_What is required_:
All of the data must be output exactly, with every picture left out.

========================

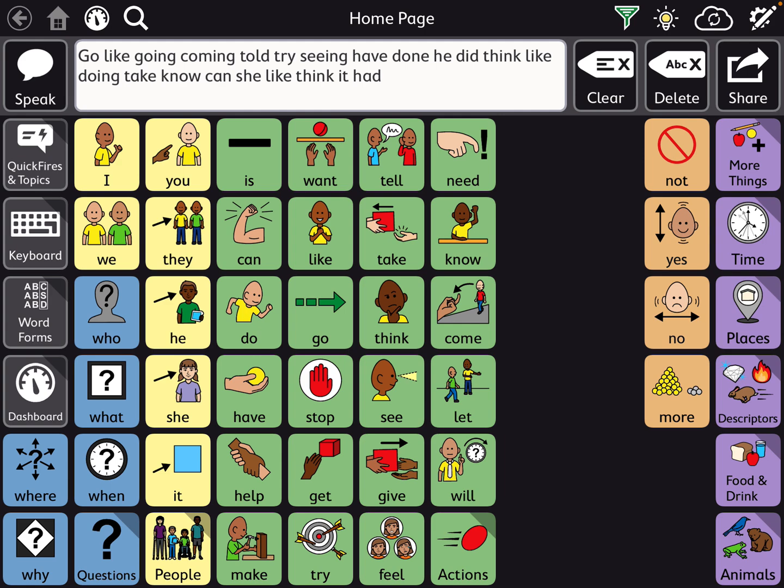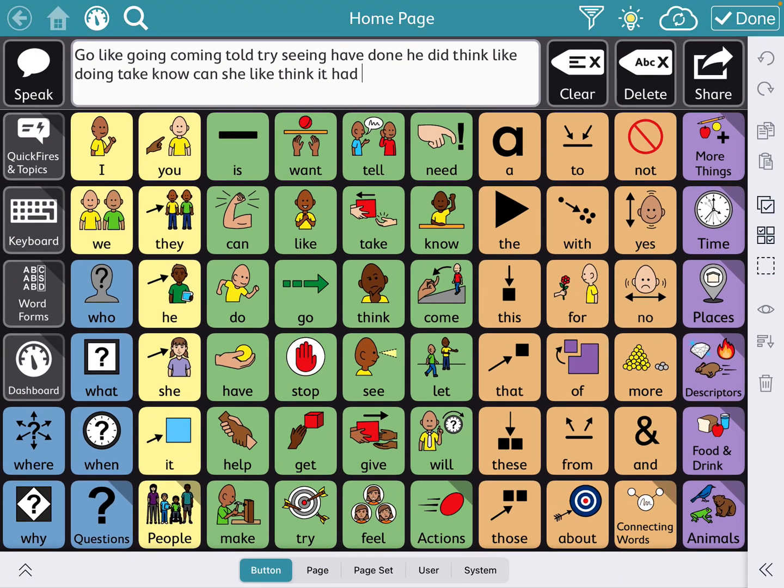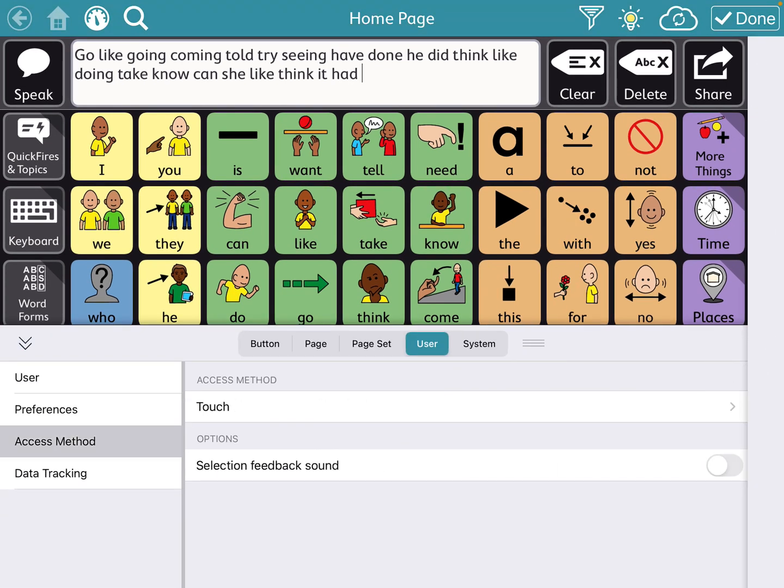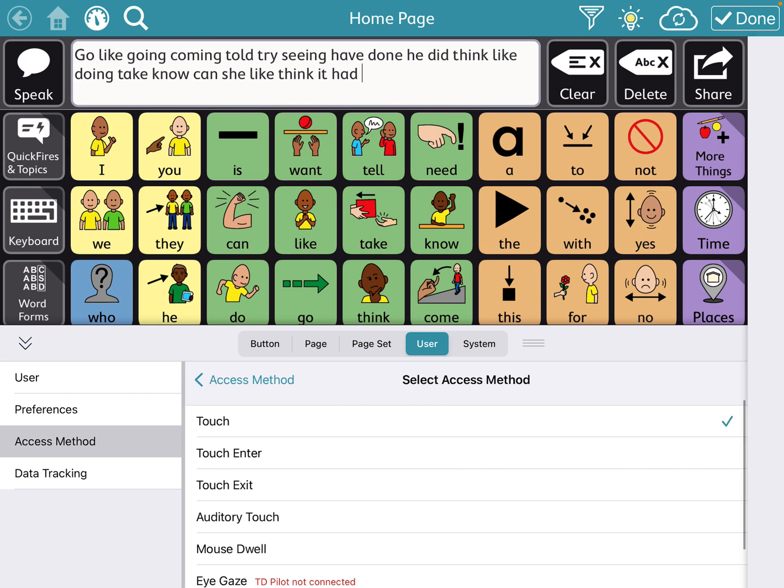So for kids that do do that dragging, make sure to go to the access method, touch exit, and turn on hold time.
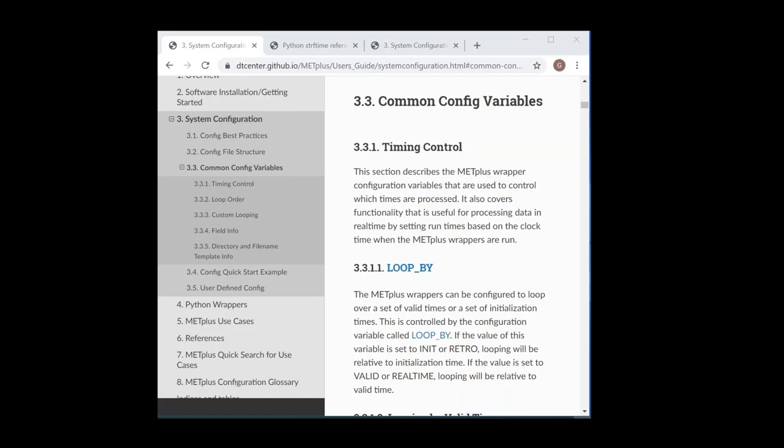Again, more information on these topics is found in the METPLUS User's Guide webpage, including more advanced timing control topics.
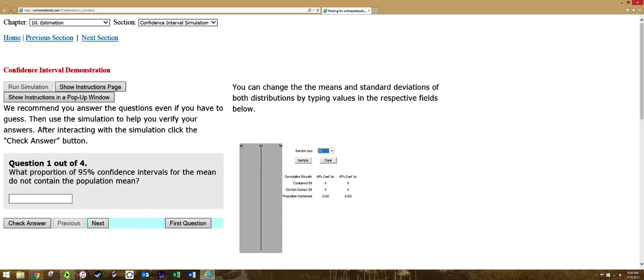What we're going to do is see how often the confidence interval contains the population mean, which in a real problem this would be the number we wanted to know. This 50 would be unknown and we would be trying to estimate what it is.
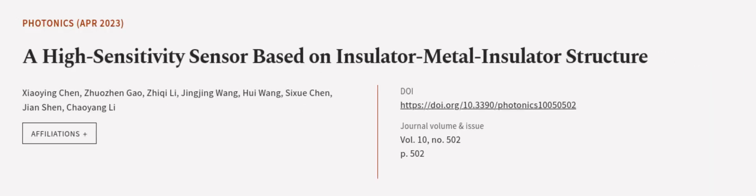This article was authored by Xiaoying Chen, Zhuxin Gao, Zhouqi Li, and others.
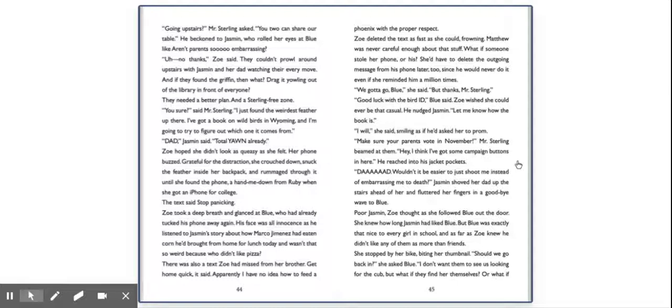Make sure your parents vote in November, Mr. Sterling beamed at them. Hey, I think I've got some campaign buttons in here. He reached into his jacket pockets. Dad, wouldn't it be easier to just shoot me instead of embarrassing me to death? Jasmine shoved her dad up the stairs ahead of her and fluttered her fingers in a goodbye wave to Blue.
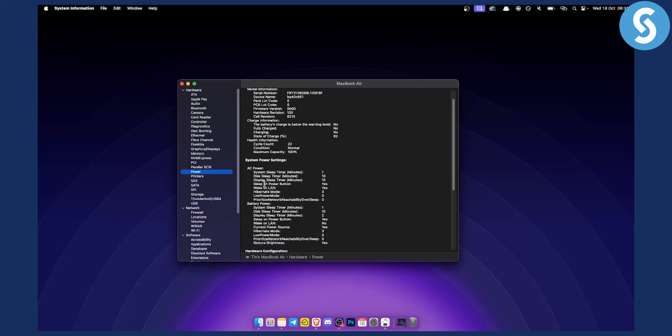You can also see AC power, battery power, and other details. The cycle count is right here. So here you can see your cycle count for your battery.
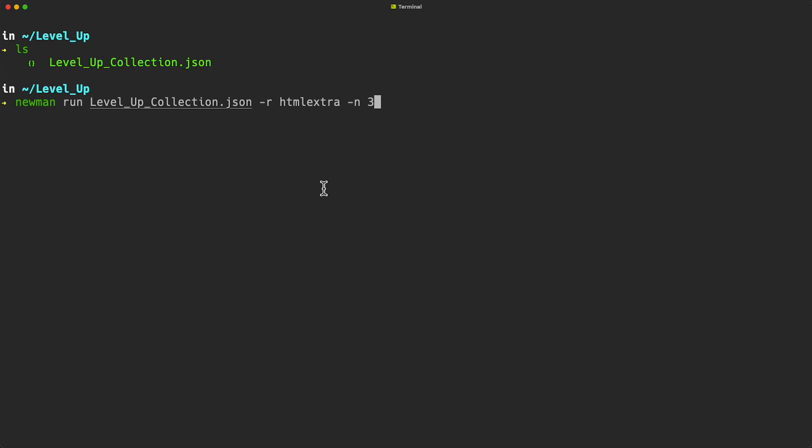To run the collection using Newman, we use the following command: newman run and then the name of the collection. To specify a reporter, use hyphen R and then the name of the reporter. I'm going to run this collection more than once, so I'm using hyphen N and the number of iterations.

========================

_Output of the exercise_:
So for kids that do do that dragging, make sure to go to the access method, touch exit, and turn on hold time.
Again, more information on these topics is found in the METPLUS User's Guide webpage, including more advanced timing control topics.
What we're going to do is see how often the confidence interval contains the population mean, which in a real problem this would be the number we wanted to know. This 50 would be unknown and we would be trying to estimate what it is.
This article was authored by Xiaoying Chen, Zhuxin Gao, Zhouqi Li, and others.
Make sure your parents vote in November, Mr. Sterling beamed at them. Hey, I think I've got some campaign buttons in here. He reached into his jacket pockets. Dad, wouldn't it be easier to just shoot me instead of embarrassing me to death? Jasmine shoved her dad up the stairs ahead of her and fluttered her fingers in a goodbye wave to Blue.
You can also see AC power, battery power, and other details. The cycle count is right here. So here you can see your cycle count for your battery.
To run the collection using Newman, we use the following command: newman run and then the name of the collection. To specify a reporter, use hyphen R and then the name of the reporter. I'm going to run this collection more than once, so I'm using hyphen N and the number of iterations.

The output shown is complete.